Février 2003, une date à ne pas oublier
Quatorze Marocains, membres présumés d'une «secte satanique», sont passés devant les juges à Casablanca le 25 février 2003 pour «actes pouvant ébranler la foi des musulmans». Ils ont été également accusés de «détention d'objets contraires aux bonnes moeurs», et de «complicité et aménagement d'un local pour prostitution». Ecroués le 16 février 2003, ils risquaient des peines allant de six mois à trois ans de prison. Ils ont été condamnés à des peines entre un mois et un an avant d'être graciés par le Roi. Les pièces à conviction présentées à la justice étaient composées de squelettes, de crânes, de T-shirts frappés du signe du Pentagone, de cobras et de vipères rouges et «une série de CD diaboliques». Agés entre 20 et 28 ans, les prévenus, issus de la classe moyenne, n'étaient en fait que des amoureux de la musique, un certain type musical, du Metal très corsé.
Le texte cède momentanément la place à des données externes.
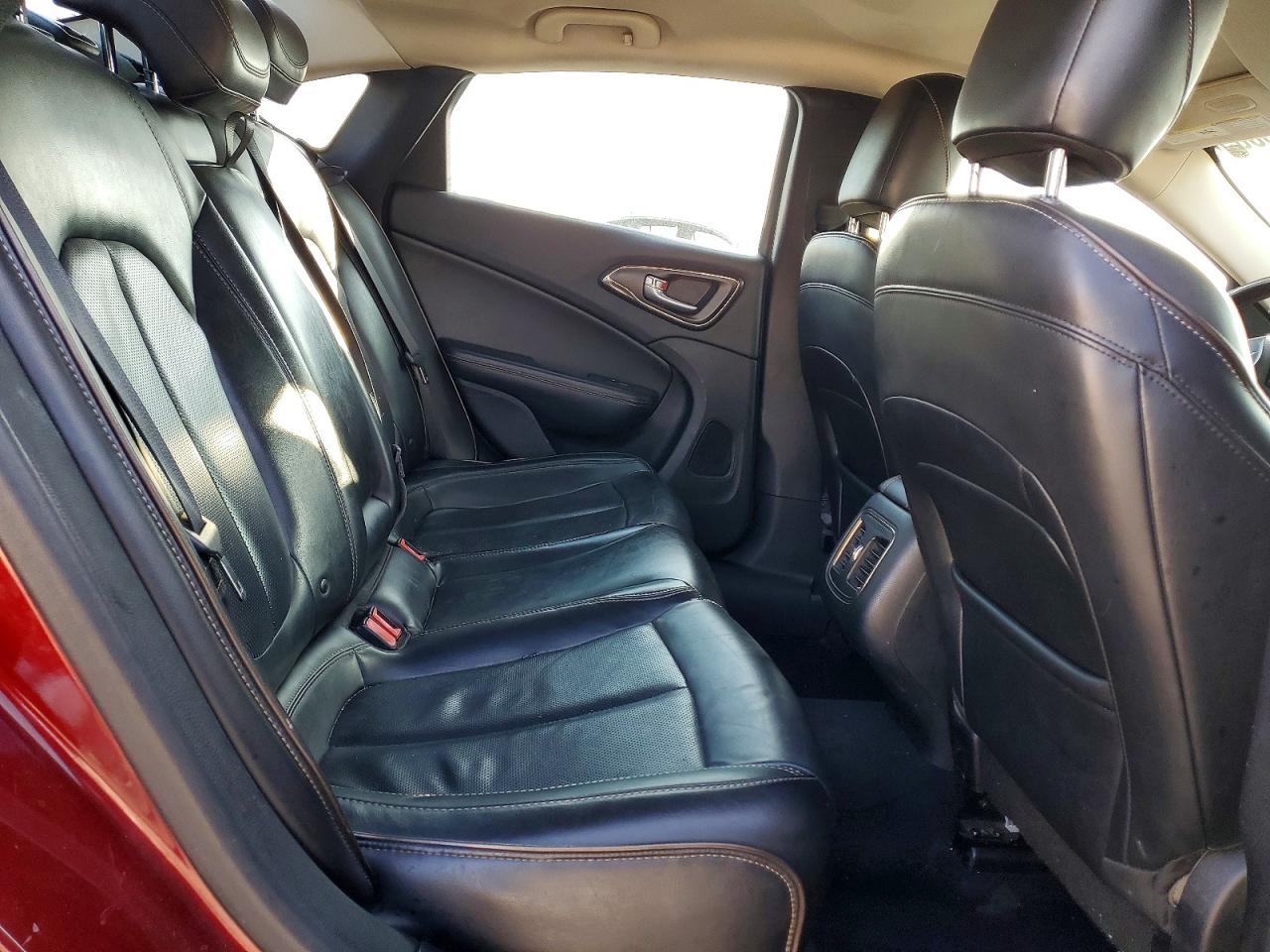 2015 CHRYSLER 200 C photo 10
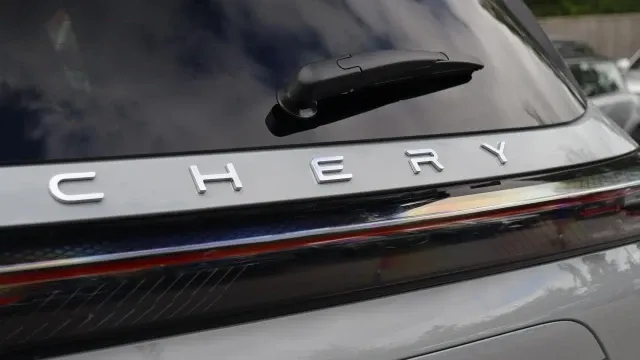 Vehicle Thumbnail 36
Et c'est sur la base de ce goût musical qu'ils ont fait les frais d'une grosse machination politique avec slogans à l'enceinte du Parlement, compromis idéologiques et fausses idéologies. « Dans la même veine politicienne, le quotidien islamiste Attajdid, avait annoncé que la «campagne» contre Abadat Al Chaïtane (Adeptes de Satan) était «vouée à l'échec dès le départ», car «elle est minée par d'autres campagnes qui encouragent toutes les formes de déliquescence, l'alcool et le libertinage, et qui sont ignorées par les autorités», avant de souligner que «la meilleure campagne consiste à réhabiliter l'éducation islamique équilibrée, modérée et réaliste». Pourtant, ce sont des députés proches du quotidien et du parti du PJD qui avaient mené de concert une cabale contre les 14 de Casablanca.